Why CORD, Jubilee leaders want IEBC commissioners out

Missteps in the 2013 General Election and the desire to control the electoral process are the sticky issues fueling current pressure against poll commissioners.

In interviews with The Standard, Majority Leader of the National Assembly Aden Duale (Garissa Township), Deputy Minority Leader Jakoyo Midiwo (Gem) and the national chairman of Kenya’s biggest opposition party ODM, John Mbadi, gave a list of “issues” that they have against the commission.

The confidence crisis pointed out by civil society, the clergy and statutory rights body is also part of the ingredients in the political cooking pot in which the Independent Electoral and Boundaries Commission (IEBC) is stewing.

The endgame is that if the politicians agree that the commission is beyond salvage, then a new one will be formed. But that is where the major coalitions differ.

The ruling coalition wants the new commissioners appointed by the President, as prescribed in law, while the Opposition wants a new team to manage the 2017 polls picked through a political deal.

The politicians want to have a measure of control, or confidence that the new commission will be fair.

The only hitch is the wisdom (or lack of it) of sending the commissioners home with 460 days left to the elections.

For Mr Duale, the Independent Electoral and Boundaries Commission (IEBC) has to explain the actions it has taken to resolve the blunders in the 2013 General Election and the “problems” in the Malindi by-election, which the Jubilee coalition lost to the Opposition.

The other query from the majority leader to IEBC is why the commission failed to strike the name of the Senate Minority Leader Moses Wetang’ula from the voters’ roll even after a judicial ruling that the senator, a key luminary in the Opposition leadership, committed electoral offences.

More issues

“We have these issues and many more that we must talk about. Some of the issues were identified in the post-election review and they are part of the many amendments in the Election Laws (Amendment) Bill, such as the one reducing the number of voters per polling station to 700. But many more remain unresolved. We need to talk about what happened in Malindi and what happened in the Wetang’ula case,” said Duale in an interview at Parliament Buildings.

For Messrs Midiwo and Mbadi, the IEBC’s laxity in taming misuse of public resources in Malindi and Kericho by-elections; plus failure to crack down hard on electoral violence especially in by-elections, was a sign of incompetence, and a key reason why the commissioners had to go.

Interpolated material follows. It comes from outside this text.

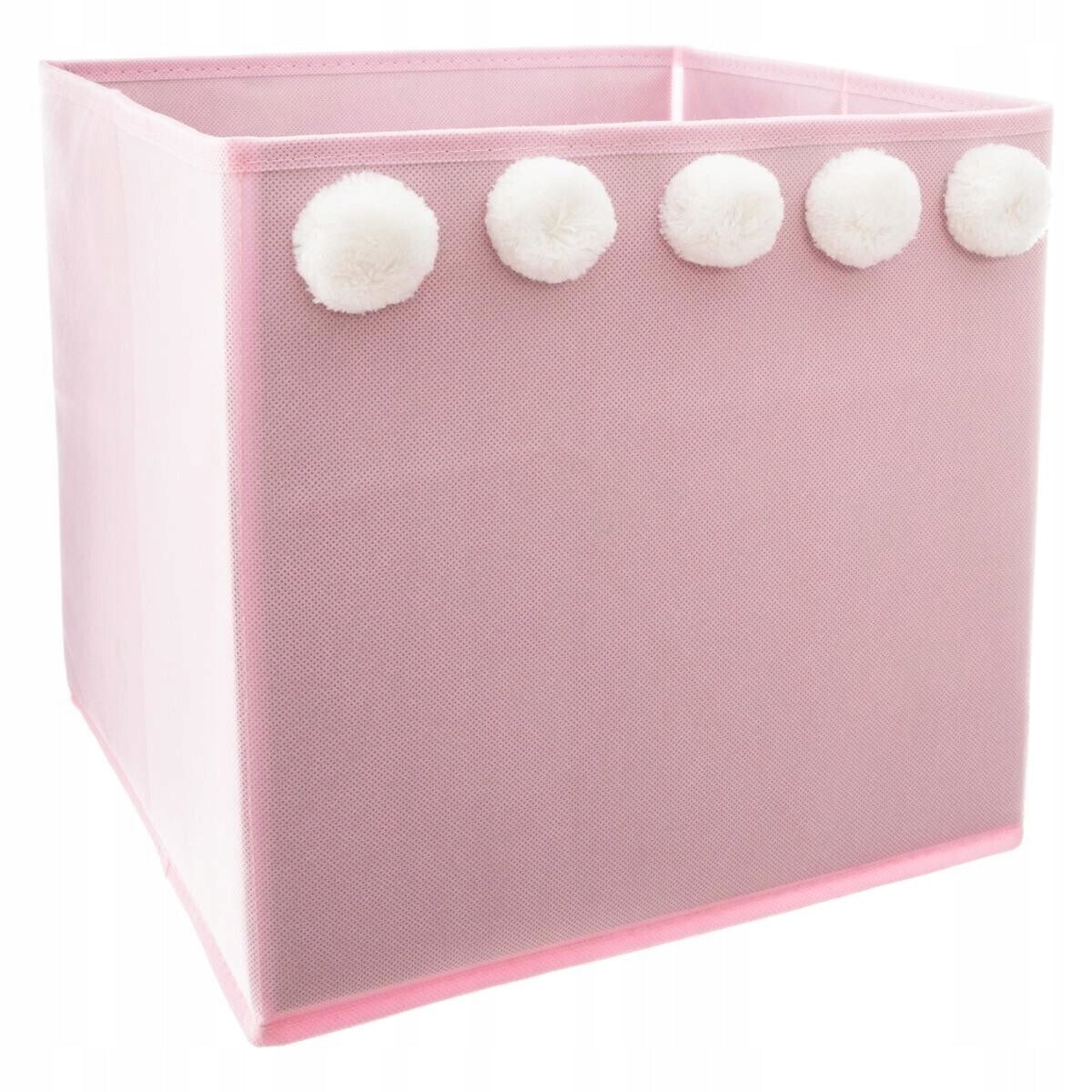 Toy basket Atmosphera for kids 29 x 29 cm shades of pink Brand Atmosphera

The Opposition MPs also listed the collapse of the Okoa Kenya referendum campaign on account of invalid signatures; the Chickengate scandal in which some of the IEBC commissioners have been indicted and; failure by the IEBC to meet its voter-registration target.

“They are just incompetent. That is why we said they should go. How can you have a target of four million voters, and you only get 1.4 million in 30 days? You must ask yourself very hard questions about why Kenyans ignored your call to register as voters. If your success rate is 25 per cent, surely, how can we say you are competent?” posed Mr Mbadi.

The 2013 legal dismissal of Opposition leader Raila Odinga as “a perennial loser”  is also a sore point. That slur was made by the lawyer for IEBC Chairman Isaack Hassan, senior counsel Ahmednassir Abdullahi.

Midiwo also lamented the failed referendum campaign, which the IEBC dismissed because it argued that the Opposition had failed to get a million voters to back the process.

To Midiwo, the intrigues around that rejection was proof that the commission was working hand-in-glove with the ruling Jubilee administration.

“Here is a referee who has been used by one camp to frustrate us. We said they were not fit, they refused to go. We collected signatures to send them home, they used flimsy grounds to reject our signatures,” said Midiwo at Parliament Buildings.

The other grouse of the Opposition against the commission is that it has refused to implement a law that allows people with waiting cards but no ID cards to register as voters, and then use their ID cards to vote.

Jubilee politicians Johnson Sakaja (Nominated) and Moses Kuria (Gatundu South) have also complained that they never took part in the hiring of the current commissioners, because the current commission was appointed under the Grand Coalition government.

If the commissioners are sent home, the next battleground will be the mode of picking a replacement.